The conflict quickly drew in equestrians as speeding cyclists spooked their horses. Two horses were injured so badly they had to be euthanized and a small number of riders were injured when they were thrown from their mounts. The “Trails Preservation Council,” an organization opposed to the use of bikes on hiking trails and bridle paths, was soon formed and when it publicized a procedure for reporting ugly incidents with mountain bikers, threatening calls were left on the Council’s telephone answering machine.
Vandalism also became part of the phenomenon. Signs posted by the park service restricting bicycle use to certain trails were torn out of the ground as fast as they were replaced. In 1993 park rangers discovered an illegally constructed trail built by mountain bikers who had cut down an impressive number of trees, uprooted large swaths of vegetation and used picks and shovels to alter the terrain. Other illegal trails were subsequently built despite the park service’s efforts to stop the practice. Despite the arrest and conviction of some of the vandals, mountain bikers continued to vandalize protected parks and open spaces. A search on “Google” using the term “illegal trail” reveals that illegal trail and stunt course building by mountain bikers is now widespread, across the country.
In Mill Valley, CA residents living close to a hiking trail taken over by mountain bikers complained about excessive noise from shouting cyclists and squealing brakes to the city council.

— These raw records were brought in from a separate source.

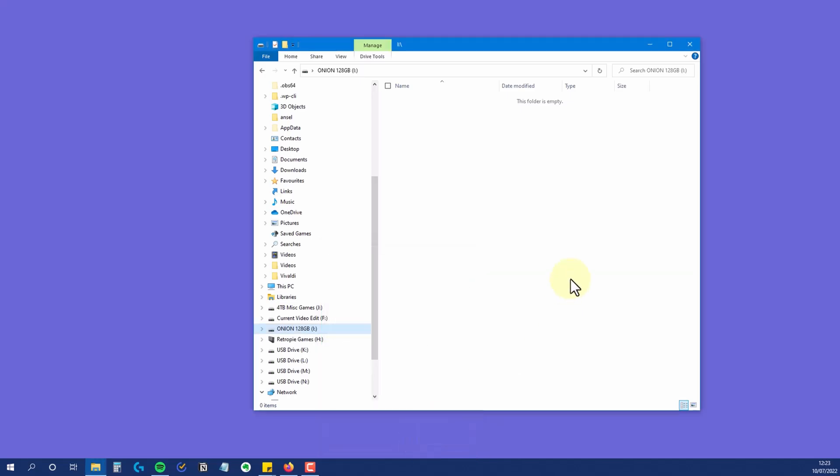And that's how you can format a memory card, USB stick, or drive larger than 32GB to FAT32. And if you found this useful, then a like on this video would be very much appreciated.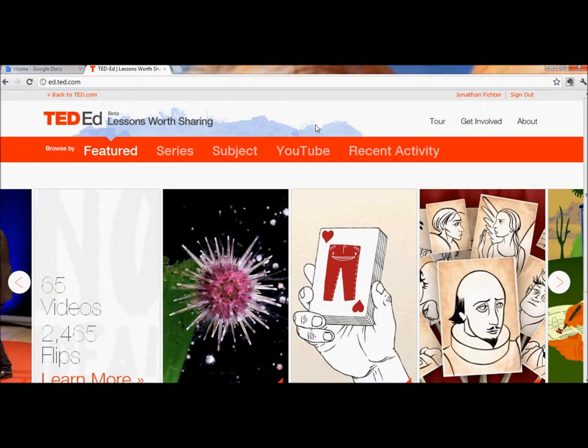Hi, this is Jonathan Fichter. I'm going to use TED-Ed to find a video and then use it for teaching purposes.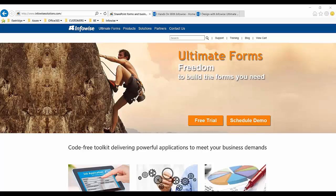Hello, this is Will Cooper, training coordinator for InfoWise Solutions. I wanted to take the time today to introduce you to the Ultimate Forms Foundation training.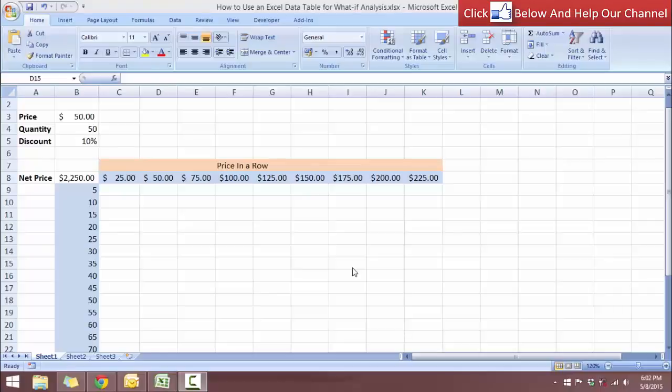Hello and welcome back to free Excel tutorial videos. In today's tutorial, I'm going to show you how you can perform the what-if analysis in Excel.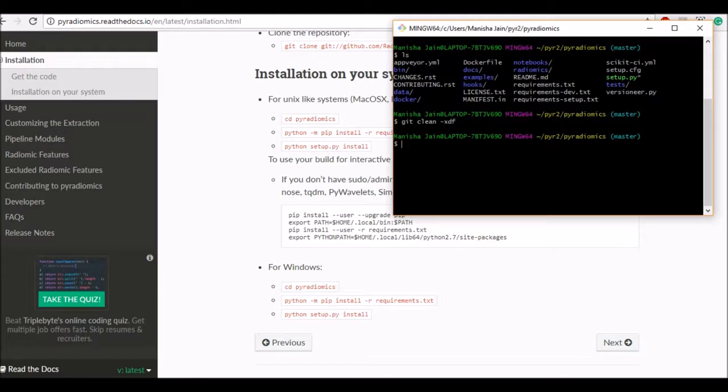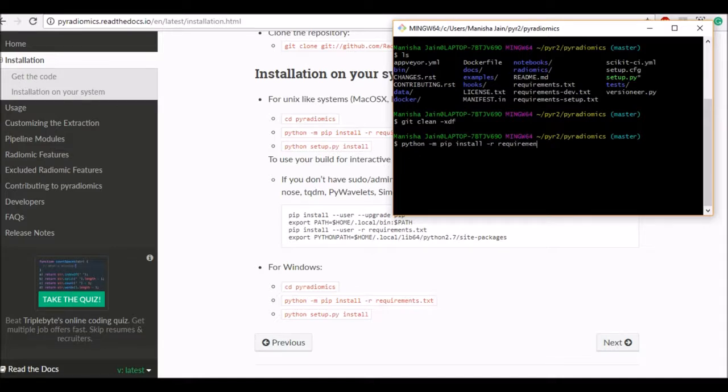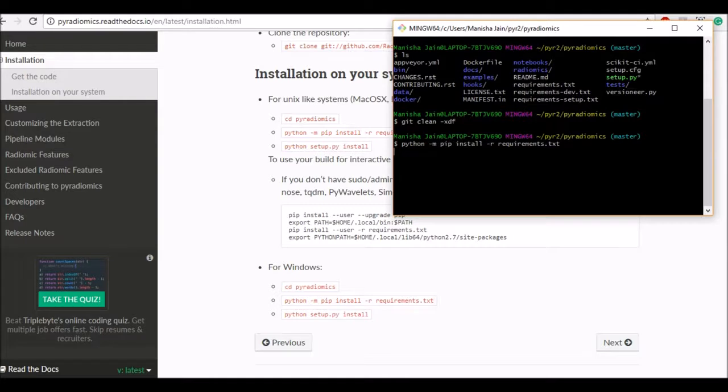So first command I will follow is the python dash m, this is the python module invoking pip to install everything under file requirements.txt. So this will take some time so I'm going to pause the video and we'll come back once this is done.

At a council meeting held to discuss the problem, mountain bikers from communities far distant from Mill Valley were called in by local cyclists to overwhelm local opposition and give the impression to the council that most Mill Valleyans desired the trail be left accessible to cyclists. A compromise was offered whose conditions the cyclists present agreed to. However, the conditions were never met, the noise continued and the town council was compelled to close the trail to mountain biking. Shortly thereafter wanted posters bearing pictures of the faces of some of the complaining residents, overlaid with representations of a rifle scope’s cross hairs, were found nailed to trees along the trail. Private property was vandalized. Some neighbors were furious – others were terrified.
The conflict grew, and as it expanded into the consciousness of the general public it became a regular feature of the county newspaper, the “Marin Independent Journal.” Hikers and equestrians argued back and forth with mountain bikers through letters to the editor on an almost daily basis for months. Eventually, the conflict became known as the “Hiker Biker War,” not only by residents of the county, but across the the country.
The conflict between mountain cyclists and other trail users in Marin County endures to this day, and having lasted here for three decades, it is by no means unique to Middlesex Fells.